Architecture Overview
Putting it all together - Observability Architecture
flowchart TB
subgraph sources ["Data Sources"]
app["Applications\n(instrumented with OTel SDK)"]
subgraph k8s ["Kubernetes"]
ksm["kube-state-metrics"]
node["node-exporter"]
kubelet["kubelet"]
end
subgraph exporters ["Exporters"]
pg["PostgreSQL Exporter\n:9187"]
redis["Redis Exporter\n:9121"]
end
end
subgraph alloy_box ["Grafana Alloy — Unified Collection Layer"]
direction LR
otel_recv["OTLP Receiver\n:4317 gRPC / :4318 HTTP"]
scraper["Prometheus Scraper\nServiceMonitors\nPod Annotations"]
log_scrape["Log Scraper\nPod stdout/stderr"]

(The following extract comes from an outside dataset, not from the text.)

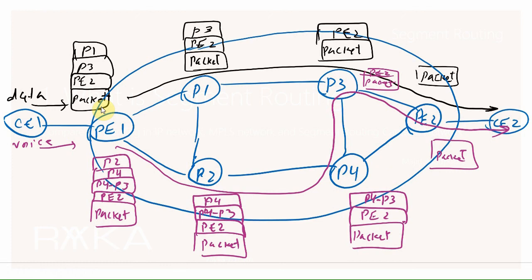It adds the router IDs of the routers in order above the packet and then forwards the packet to the first hop specified in the packet. When the first router receives the packet, it finds the next router through the packet itself. So the router does not need to maintain the information of many paths.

ebpf_prof["eBPF Profiler\n97 Hz sampling"]
end
%% Applications → Alloy (OTLP)
app -- "OTLP\n(traces, metrics, logs)" --> otel_recv
%% Kubernetes metrics → Alloy (scrape)
k8s -- "scrape metrics" --> scraper
exporters -- "scrape metrics" --> scraper
%% Alloy scrapes logs from pods
app -. "stdout/stderr\n(pod logs)" .-> log_scrape
%% eBPF profiles all processes
app -. "kernel-level\nstack traces" .-> ebpf_prof
prometheus["Prometheus\n(short-term metrics)\n:9090"]
loki["Loki\n(logs)"]
tempo["Tempo\n(traces)\n:4317"]
pyroscope["Pyroscope\n(profiles)\n:4040"]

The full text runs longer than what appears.